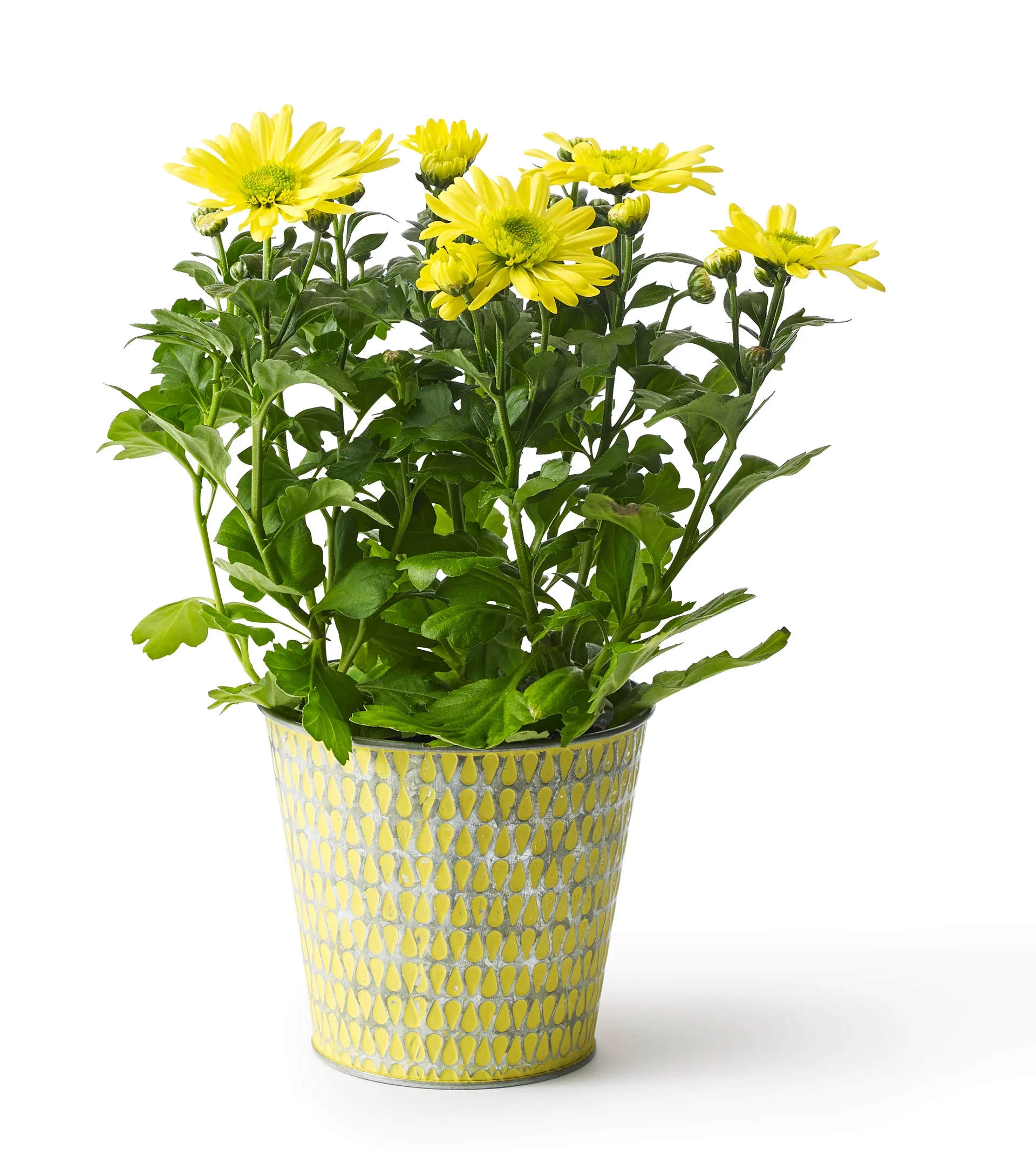 Osteospermum ecklonis Spansk margeritt Ø11 cm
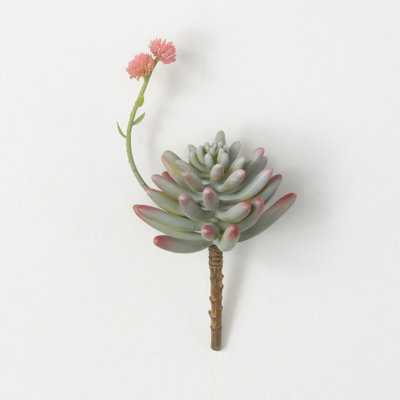 Darwen Succulent Arrangement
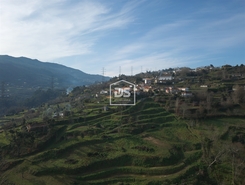 Quinta T0 - Santiago de Pies, Cinfes, Viseu - Miniatura: 13/17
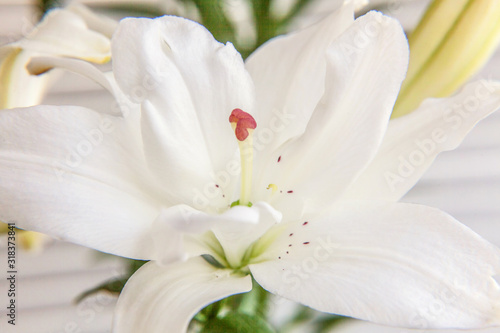 Beautiful White Lily flower close up detail in summer time. Background with flowering bouquet. Inspirational natural floral spring blooming garden or park. Ecology nature concept.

Description of the task: Find the line that has "Quinta T0 - Santiago" in the listing, then retype it and each later line up to the last, exactly. Leave pictures out.

Task answer:
 Quinta T0 - Santiago de Pies, Cinfes, Viseu - Miniatura: 13/17
 Beautiful White Lily flower close up detail in summer time. Background with flowering bouquet. Inspirational natural floral spring blooming garden or park. Ecology nature concept.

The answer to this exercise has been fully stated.